The 170 was the brainchild of Hans Nibel, first chief engineer at Benz & Cie., then technical director at Daimler-Benz AG until his death in 1934. For quite some time, he had been working on independent wheel suspension without conventional axles. He finally incorporated his design in the 170 which was a sensation on account of its chassis. For the first time, a car featured four individually suspended wheels, without an axle and attached to two transverse leaf springs at the front, and at the rear with a half-shaft swing axle on each side, whose casing tubes were connected to the low U-section frame by means of two coil springs on the side of the wheel, and attached to the differential by means of journal bearings. This configuration combined a high level of stability with a minimum of unsprung masses. It became the state of the art in chassis design and the basis for other groundbreaking developments by the Mercedes-Benz brand.
The “swing axles,” as the invention presented in the 170 was aptly called, eventually earned all cars from Mercedes-Benz the reputation of offering comfortable and at the same time safe handling characteristics. The 170 is therefore a milestone in engineering history.
Nibel designed the 170 as a compact and light car. It therefore no longer fulfilled the wishes for large and heavy passenger cars which were extremely popular in the 1930s. However, the circumstances at the time confirmed Nibel’s approach. During the world economic crisis, there was great demand for cars with a favorable purchase price and low fuel consumption – and the 170 became a great success.
Nevertheless, these advantages were not achieved at the expense of quality, appointments and comfort. The 170 quickly acquired the reputation of being a genuine Mercedes-Benz. It was a well-designed car in every respect – which meant that no engine or chassis modifications worth mentioning were required during the six-year production period.
The 170 was powered by a six-cylinder engine with a displacement of 1,692 cc and an output of 32 hp at 3200/min. It had a manual three-speed transmission with an additional overdrive and a top speed of 90 km/h; it consumed no more than eleven liters of gasoline on 100 kilometers (21.3 mpg) and boasted a fairly complete range of equipment. The standard specifications included oil-pressure brakes on all four wheels, central lubrication, thermostat-controlled cooling and an ignition-and-steering-wheel lock designed as anti-theft protection.

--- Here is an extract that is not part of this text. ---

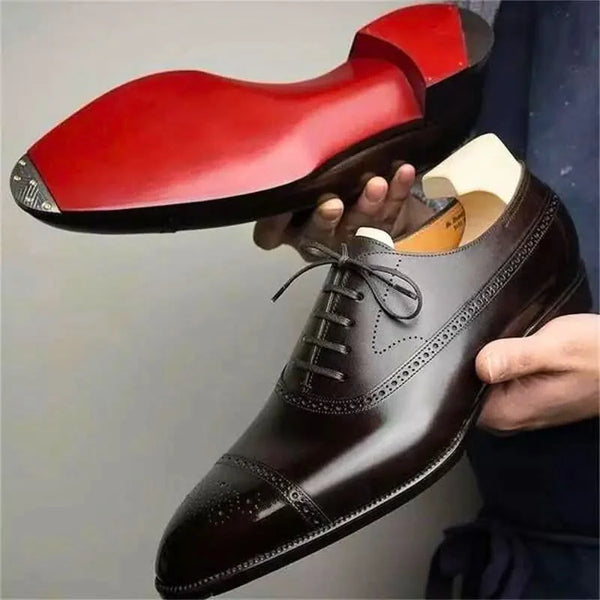 Brown Men's Cap-Toe Leather Oxford Shoes — Blakely Formal Lace-Up Brogue - Sole Detail Hand Held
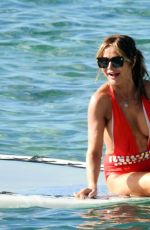 LIZZIE CUNDY in Swimsuit Paddleboarding in Barbados 12/31/2023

The chassis of the 170 weighed in at just 750 kilograms (1653 lbs), and the complete car weighed between 1,050 (2315 lbs) and 1,200 kilograms (2646 lbs), depending on the bodywork version. The gross permissible weight was 1,455 kilograms (3208 lbs). As was customary at the time, there was a wide range of bodywork versions for customers to choose from: two- and four-door sedans, optionally available with fabric sunroof, a four-seater convertible C, a two-door touring car, a sports roadster with two + two seats, a sports convertible A with two/three seats, and a panel van with model designation L 300 and a payload capacity of 300 kilograms (661 lbs).
At the time of the production start-up, the front section featured the typical flat Mercedes-Benz radiator which, from February 1935, was replaced by a radiator with the flat wedge shape which is still up-to-date today.
The sedan and convertible reflect a chapter of automotive development history. Both versions were initially supplied with a separate luggage box at the rear, mounted at a distance of less than an inch from the bodywork. The narrow gap between bodywork and box soon proved to be almost impossible to be kept clean. Therefore, from 1934, the box was mounted without space in-between. And finally, in 1935, the box was harmoniously integrated in the bodywork. The “space for luggage” at last became a matter-of-course element of the bodywork – a “luggage compartment.”
In 1935, another clearly more modern two-door sedan body was created for the 170, which already boasted clearly discernible features of its successor, the 170 V; the convertible C was designed accordingly. This ushered in the end of the 170’s career – its heyday came to an end with the launch of the 170 V in February 1936.